THE PROBLEM >> Your answer should be an exact copy of the lines from the one holding "Tamaris Pumps zwart Synthetisch" to the end of the material below, pictures left out.

TASK DATA >>

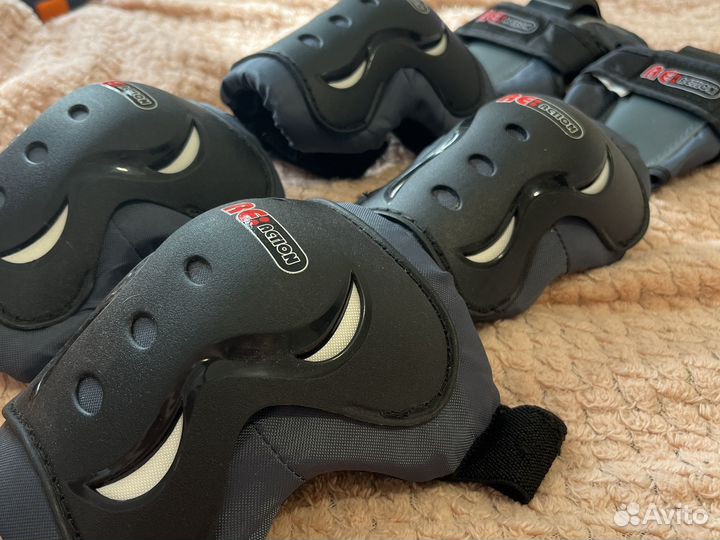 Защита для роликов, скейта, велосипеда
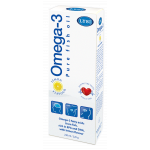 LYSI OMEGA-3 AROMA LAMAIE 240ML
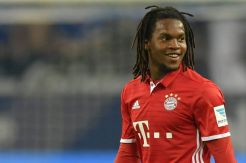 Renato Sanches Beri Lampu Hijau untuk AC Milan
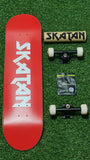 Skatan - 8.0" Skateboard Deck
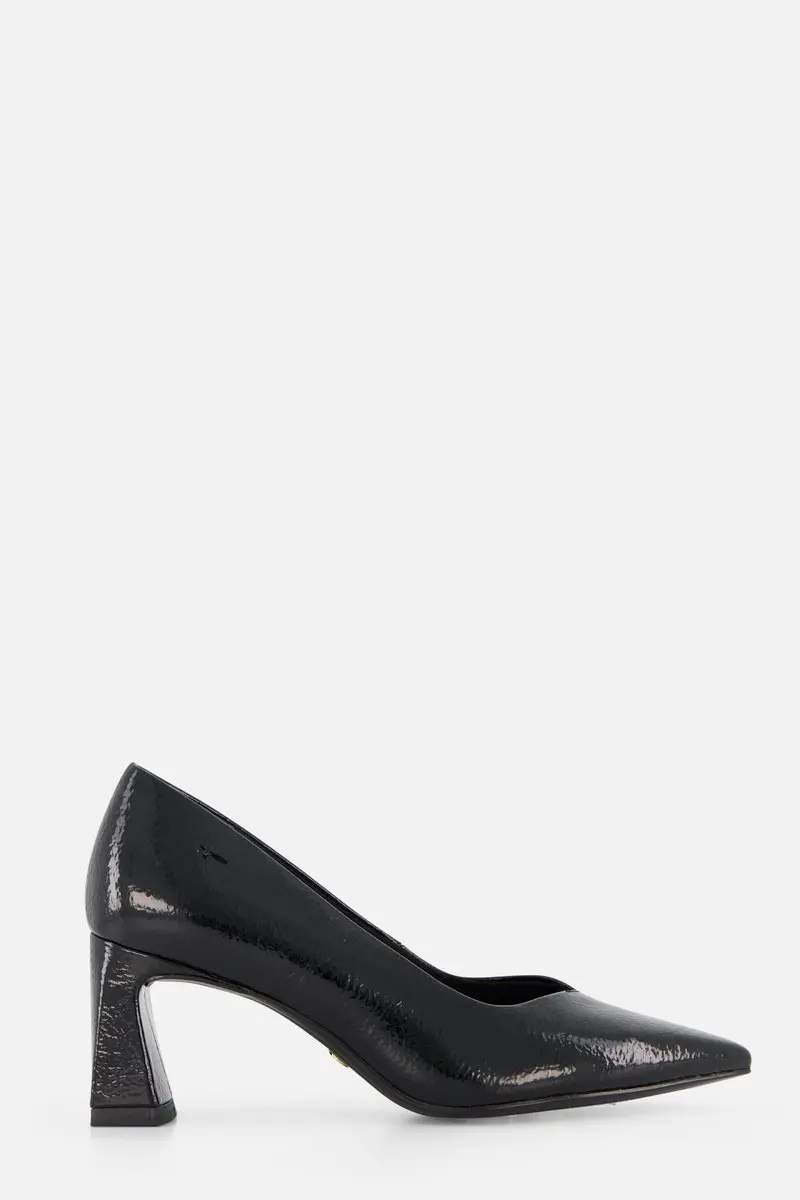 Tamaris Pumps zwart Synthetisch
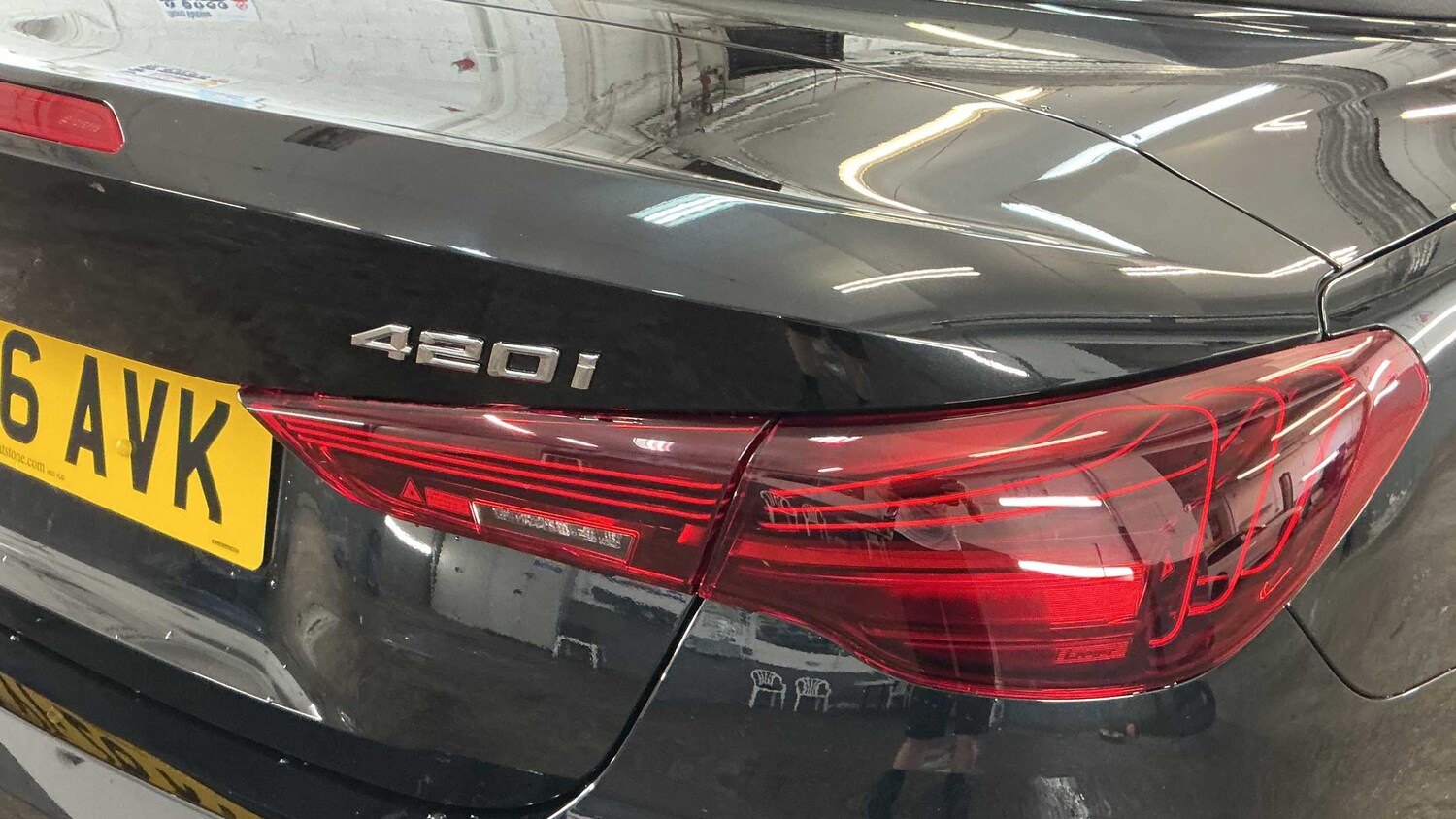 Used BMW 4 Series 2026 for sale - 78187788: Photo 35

OUTPUT FOR THIS TASK >>
 Tamaris Pumps zwart Synthetisch
 Used BMW 4 Series 2026 for sale - 78187788: Photo 35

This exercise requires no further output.